Head over to the articles over at https://wiki.tnonline.net/w/Btrfs/Deduplication and https://wiki.tnonline.net/w/Btrfs/Deduplication/Duperemove
The following example is what I often use myself:
chrt -i 0 duperemove -A -h -d -r -v -b4k --dedupe-options=noblock,same --lookup-extents=yes --io-threads=1
Adjust the block size to suit your needs. It is good to start with 64-128k.

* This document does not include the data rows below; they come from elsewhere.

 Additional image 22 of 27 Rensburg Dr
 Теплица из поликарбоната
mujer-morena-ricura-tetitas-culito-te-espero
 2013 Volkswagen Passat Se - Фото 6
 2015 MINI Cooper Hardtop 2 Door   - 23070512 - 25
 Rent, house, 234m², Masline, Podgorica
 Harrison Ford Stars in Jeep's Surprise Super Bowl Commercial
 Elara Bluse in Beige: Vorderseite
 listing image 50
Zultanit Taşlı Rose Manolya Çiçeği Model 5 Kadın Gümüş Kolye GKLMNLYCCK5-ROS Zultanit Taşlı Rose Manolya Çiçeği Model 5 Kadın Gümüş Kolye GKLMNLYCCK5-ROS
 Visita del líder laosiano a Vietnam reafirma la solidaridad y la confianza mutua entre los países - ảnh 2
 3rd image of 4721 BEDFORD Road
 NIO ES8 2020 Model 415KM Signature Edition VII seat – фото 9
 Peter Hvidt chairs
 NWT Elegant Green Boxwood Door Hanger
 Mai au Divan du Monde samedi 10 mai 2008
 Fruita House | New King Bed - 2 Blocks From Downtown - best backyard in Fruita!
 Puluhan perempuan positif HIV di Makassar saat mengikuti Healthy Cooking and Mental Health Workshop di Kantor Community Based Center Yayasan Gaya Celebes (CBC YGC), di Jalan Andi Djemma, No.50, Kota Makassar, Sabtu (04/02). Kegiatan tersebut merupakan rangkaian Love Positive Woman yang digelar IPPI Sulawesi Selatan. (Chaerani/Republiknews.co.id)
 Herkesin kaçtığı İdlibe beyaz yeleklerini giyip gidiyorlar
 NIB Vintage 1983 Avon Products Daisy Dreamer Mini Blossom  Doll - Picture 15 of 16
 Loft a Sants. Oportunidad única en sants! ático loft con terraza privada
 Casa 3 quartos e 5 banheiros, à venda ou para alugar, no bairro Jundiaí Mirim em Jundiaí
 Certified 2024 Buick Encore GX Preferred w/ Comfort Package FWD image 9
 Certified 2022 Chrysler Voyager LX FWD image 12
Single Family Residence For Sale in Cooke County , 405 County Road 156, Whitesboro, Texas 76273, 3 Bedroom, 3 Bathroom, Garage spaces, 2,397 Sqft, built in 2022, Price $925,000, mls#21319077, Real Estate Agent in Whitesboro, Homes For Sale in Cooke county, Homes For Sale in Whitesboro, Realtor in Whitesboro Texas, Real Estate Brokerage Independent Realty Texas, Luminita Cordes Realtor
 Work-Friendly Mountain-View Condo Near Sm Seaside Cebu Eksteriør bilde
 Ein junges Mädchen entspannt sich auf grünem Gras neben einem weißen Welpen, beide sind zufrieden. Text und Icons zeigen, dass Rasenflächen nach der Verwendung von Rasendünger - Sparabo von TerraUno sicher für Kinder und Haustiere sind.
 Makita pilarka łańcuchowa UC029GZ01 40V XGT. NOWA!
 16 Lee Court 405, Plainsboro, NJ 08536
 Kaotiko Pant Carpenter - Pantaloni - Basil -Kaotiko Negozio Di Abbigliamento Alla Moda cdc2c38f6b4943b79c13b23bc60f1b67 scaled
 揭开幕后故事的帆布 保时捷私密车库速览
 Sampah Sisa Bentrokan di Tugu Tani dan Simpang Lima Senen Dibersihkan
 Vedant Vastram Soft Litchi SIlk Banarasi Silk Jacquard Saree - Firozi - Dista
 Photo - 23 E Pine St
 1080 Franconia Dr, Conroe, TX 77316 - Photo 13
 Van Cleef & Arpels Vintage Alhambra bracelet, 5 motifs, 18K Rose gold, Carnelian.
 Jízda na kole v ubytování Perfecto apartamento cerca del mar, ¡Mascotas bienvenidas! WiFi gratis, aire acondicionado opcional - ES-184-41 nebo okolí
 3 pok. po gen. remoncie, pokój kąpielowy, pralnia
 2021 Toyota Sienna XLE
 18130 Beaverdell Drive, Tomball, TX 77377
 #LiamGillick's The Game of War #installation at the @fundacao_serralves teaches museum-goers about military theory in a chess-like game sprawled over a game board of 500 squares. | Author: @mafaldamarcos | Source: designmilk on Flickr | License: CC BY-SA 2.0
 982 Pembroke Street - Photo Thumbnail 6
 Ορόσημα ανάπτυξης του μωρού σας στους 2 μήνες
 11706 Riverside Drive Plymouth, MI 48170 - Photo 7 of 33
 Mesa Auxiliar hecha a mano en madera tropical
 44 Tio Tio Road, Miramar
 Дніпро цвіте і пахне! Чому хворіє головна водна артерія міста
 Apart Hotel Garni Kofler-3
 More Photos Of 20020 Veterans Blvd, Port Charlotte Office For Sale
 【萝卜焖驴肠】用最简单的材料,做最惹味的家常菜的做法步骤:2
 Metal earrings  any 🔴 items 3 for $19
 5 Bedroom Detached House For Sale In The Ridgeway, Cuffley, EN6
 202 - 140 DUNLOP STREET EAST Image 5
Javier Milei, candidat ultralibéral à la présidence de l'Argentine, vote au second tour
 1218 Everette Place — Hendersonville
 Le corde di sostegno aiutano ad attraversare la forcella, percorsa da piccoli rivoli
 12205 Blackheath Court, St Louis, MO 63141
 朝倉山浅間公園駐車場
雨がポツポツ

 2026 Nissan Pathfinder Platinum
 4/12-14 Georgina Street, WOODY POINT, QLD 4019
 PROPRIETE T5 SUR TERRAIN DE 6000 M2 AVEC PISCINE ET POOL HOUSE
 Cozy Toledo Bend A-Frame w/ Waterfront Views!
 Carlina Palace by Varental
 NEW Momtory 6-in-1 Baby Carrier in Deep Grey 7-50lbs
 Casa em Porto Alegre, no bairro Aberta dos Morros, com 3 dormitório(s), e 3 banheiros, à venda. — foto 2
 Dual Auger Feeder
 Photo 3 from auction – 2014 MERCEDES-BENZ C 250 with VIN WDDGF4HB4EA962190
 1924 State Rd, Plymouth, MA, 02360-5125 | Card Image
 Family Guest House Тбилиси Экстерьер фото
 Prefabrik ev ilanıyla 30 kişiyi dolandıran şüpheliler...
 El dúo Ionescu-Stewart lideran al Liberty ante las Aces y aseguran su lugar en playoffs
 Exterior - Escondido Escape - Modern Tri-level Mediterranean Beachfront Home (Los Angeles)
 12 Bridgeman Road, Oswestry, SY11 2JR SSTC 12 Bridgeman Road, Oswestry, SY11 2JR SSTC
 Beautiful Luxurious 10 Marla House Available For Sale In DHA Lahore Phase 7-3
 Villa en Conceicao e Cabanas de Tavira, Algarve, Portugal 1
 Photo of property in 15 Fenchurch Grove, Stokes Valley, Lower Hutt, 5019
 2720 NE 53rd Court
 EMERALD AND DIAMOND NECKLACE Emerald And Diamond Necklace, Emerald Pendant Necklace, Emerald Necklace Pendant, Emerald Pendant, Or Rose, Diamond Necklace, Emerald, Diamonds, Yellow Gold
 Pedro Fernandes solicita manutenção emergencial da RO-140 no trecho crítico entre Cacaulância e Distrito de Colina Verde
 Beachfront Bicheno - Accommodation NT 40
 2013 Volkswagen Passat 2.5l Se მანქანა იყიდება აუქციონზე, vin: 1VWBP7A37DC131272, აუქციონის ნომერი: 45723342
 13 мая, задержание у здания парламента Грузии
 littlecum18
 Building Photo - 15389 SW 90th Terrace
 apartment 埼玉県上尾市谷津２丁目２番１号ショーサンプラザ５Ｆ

chrt is used to change the scheduling class of a process. It is similar to nice and renice, but changes the scheduling class instead of priority within a class. I am using chrt --idle 0
to let duperemove only using spare cpu cycles so that it doesn't slow down the system too much.
chrt command line options
-o, --other Set scheduling policy to SCHED_OTHER (time-sharing scheduling). This is the default Linux scheduling policy. -f, --fifo Set scheduling policy to SCHED_FIFO (first in-first out). -r, --rr Set scheduling policy to SCHED_RR (round-robin scheduling). When no policy is defined, the SCHED_RR is used as the default. -b, --batch Set scheduling policy to SCHED_BATCH (scheduling batch processes). The priority argument has to be set to zero. -i, --idle Set scheduling policy to SCHED_IDLE (scheduling very low priority jobs). The priority argument has to be set to zero. -d, --deadline Set scheduling policy to SCHED_DEADLINE (sporadic task model deadline scheduling). The priority argument has to be set to zero. See also --sched-runtime, --sched-deadline and --sched-period. The relation between the options required by the kernel is runtime ⇐ deadline ⇐ period. chrt copies period to deadline if --sched-deadline is not specified and deadline to runtime if --sched-runtime is not specified. It means that at least --sched-period has to be specified. See sched(7) for more details.